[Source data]
#####
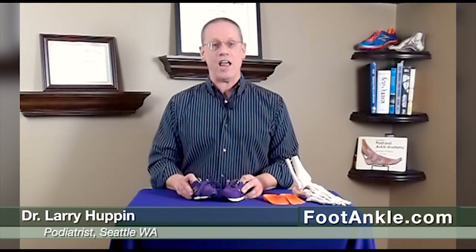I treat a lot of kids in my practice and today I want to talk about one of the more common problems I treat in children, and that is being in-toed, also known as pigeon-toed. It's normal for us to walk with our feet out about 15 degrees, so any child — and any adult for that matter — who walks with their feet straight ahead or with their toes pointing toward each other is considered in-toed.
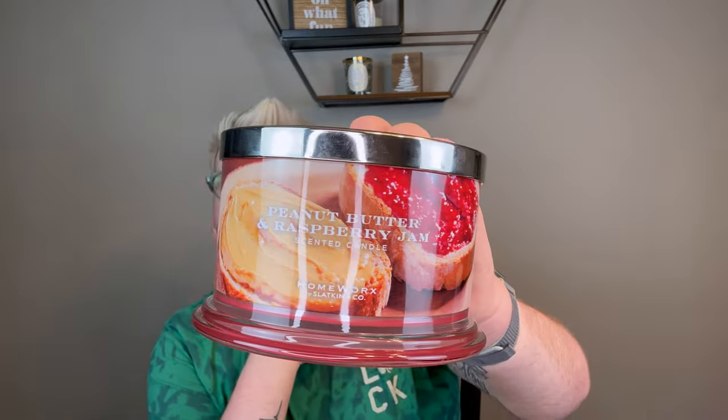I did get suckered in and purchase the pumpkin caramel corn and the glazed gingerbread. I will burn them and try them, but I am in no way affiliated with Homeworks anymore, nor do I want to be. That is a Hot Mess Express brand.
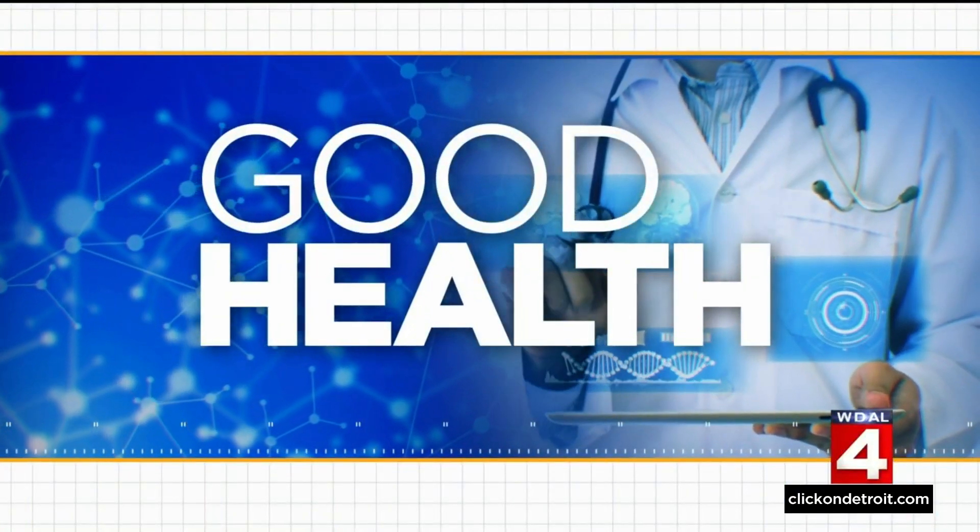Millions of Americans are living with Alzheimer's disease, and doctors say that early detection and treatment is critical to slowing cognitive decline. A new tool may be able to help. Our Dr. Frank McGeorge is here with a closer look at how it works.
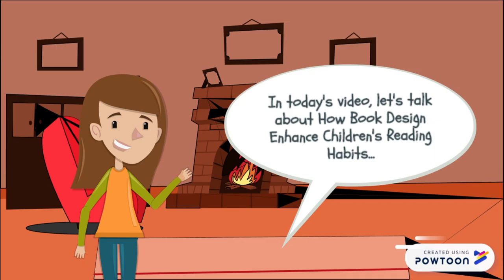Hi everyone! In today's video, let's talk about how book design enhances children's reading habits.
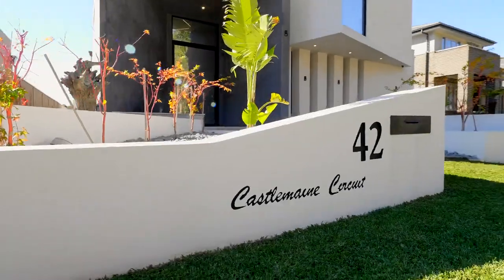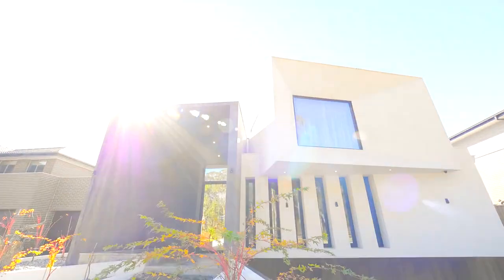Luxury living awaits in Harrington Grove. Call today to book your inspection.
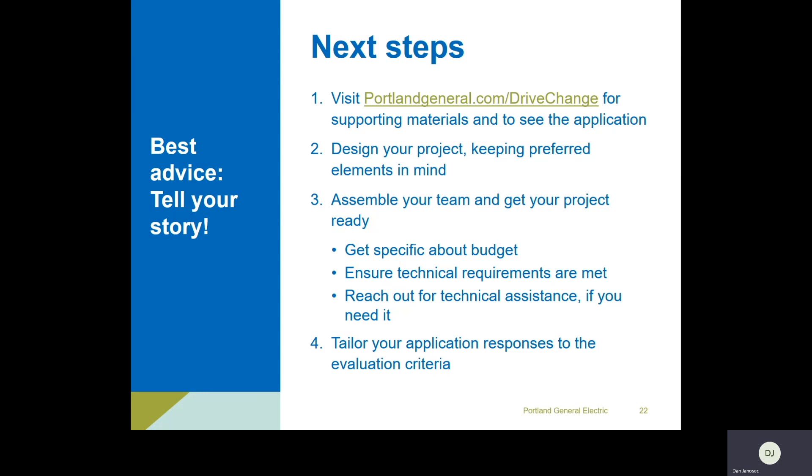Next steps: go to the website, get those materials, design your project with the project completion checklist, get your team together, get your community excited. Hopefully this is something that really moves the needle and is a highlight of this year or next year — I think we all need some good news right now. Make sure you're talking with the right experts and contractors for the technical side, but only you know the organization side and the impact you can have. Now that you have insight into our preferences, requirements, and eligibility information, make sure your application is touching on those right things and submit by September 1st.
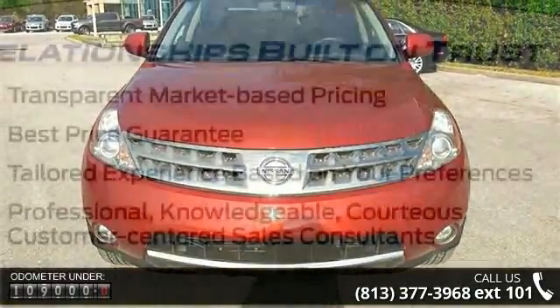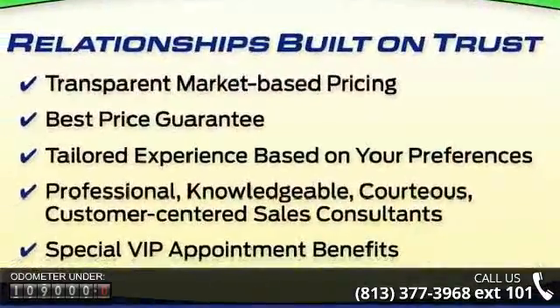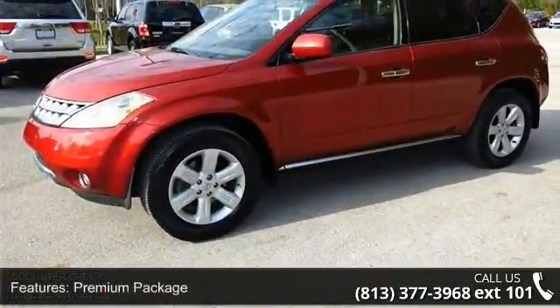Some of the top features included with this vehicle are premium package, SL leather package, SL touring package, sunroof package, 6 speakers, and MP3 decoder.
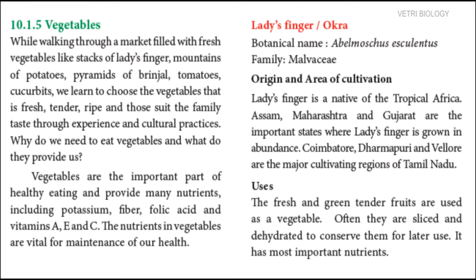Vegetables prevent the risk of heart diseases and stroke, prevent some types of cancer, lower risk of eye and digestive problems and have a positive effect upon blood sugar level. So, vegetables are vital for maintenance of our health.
#####
The task:
All the lines above should be reproduced exactly, and none of the pictures.

Answer box:
I treat a lot of kids in my practice and today I want to talk about one of the more common problems I treat in children, and that is being in-toed, also known as pigeon-toed. It's normal for us to walk with our feet out about 15 degrees, so any child — and any adult for that matter — who walks with their feet straight ahead or with their toes pointing toward each other is considered in-toed.
I did get suckered in and purchase the pumpkin caramel corn and the glazed gingerbread. I will burn them and try them, but I am in no way affiliated with Homeworks anymore, nor do I want to be. That is a Hot Mess Express brand.
Millions of Americans are living with Alzheimer's disease, and doctors say that early detection and treatment is critical to slowing cognitive decline. A new tool may be able to help. Our Dr. Frank McGeorge is here with a closer look at how it works.
Hi everyone! In today's video, let's talk about how book design enhances children's reading habits.
Luxury living awaits in Harrington Grove. Call today to book your inspection.
Next steps: go to the website, get those materials, design your project with the project completion checklist, get your team together, get your community excited. Hopefully this is something that really moves the needle and is a highlight of this year or next year — I think we all need some good news right now. Make sure you're talking with the right experts and contractors for the technical side, but only you know the organization side and the impact you can have. Now that you have insight into our preferences, requirements, and eligibility information, make sure your application is touching on those right things and submit by September 1st.
Some of the top features included with this vehicle are premium package, SL leather package, SL touring package, sunroof package, 6 speakers, and MP3 decoder.
Vegetables prevent the risk of heart diseases and stroke, prevent some types of cancer, lower risk of eye and digestive problems and have a positive effect upon blood sugar level. So, vegetables are vital for maintenance of our health.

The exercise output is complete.